Abstract
Composites of polybenzimidazole (PBI) with proton-exchanged AMH-3 and swollen AMH-3 were prepared, characterized by electron microscopy and X-ray scattering and tested for hydrogen/carbon dioxide ideal selectivity. Proton-exchanged AMH-3 was prepared under mild conditions by the ion exchange of Sr and Na cations in the original AMH-3 using aqueous solution of dl-histidine. Swollen AMH-3 was prepared by sequential intercalation of dodecylamine following the ion exchange in the presence of dl-histidine. Both silicate materials were introduced into a continuous phase of PBI as a selective phase.

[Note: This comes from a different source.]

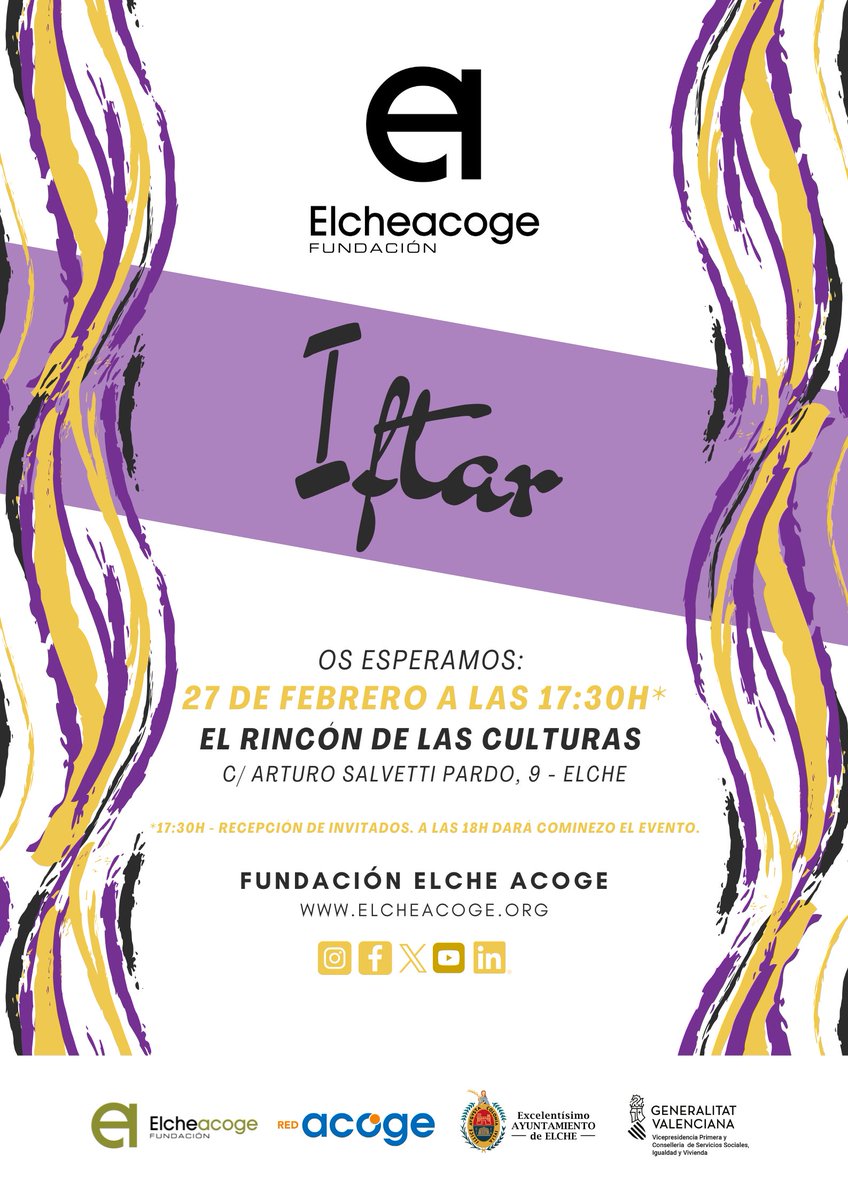 el 27 de febrero a las 17:30h* celebramos en El Rincón de las Culturas nuestro  iftar comunitario.Proyecto mediación intercultural en los ámbitos comunitarios. Financiado por Vicepresidencia Primera y Conselleria de Servicios sociales, igualdad y vivienda.
#ElcheAcoge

Mixed matrix nanocomposite membranes, prepared under certain casting conditions, with only 3 wt% of swollen AMH-3 present substantial increase of hydrogen/carbon dioxide ideal selectivity at 35 °C, i.e., more than by a factor of 2 compared to pure PBI membranes (40 vs. 15). Similar ideal selectivity was observed using higher loadings (e.g., 14%) of proton-exchanged AMH-3 particles suggesting that transport of hydrogen is faster than carbon dioxide in AMH-3-derived silicates. However, the ideal selectivity of mixed matrix membranes approaches that of pure polymer as the operating temperature increases to 100 °C and 200 °C. The composite membranes with AMH-3-derived materials were compared with MCM-22/PBI membranes. Composite membranes incorporating MCM-22 plate-like crystals show no selectivity enhancements possibly due to the presence of larger pores in MCM-22.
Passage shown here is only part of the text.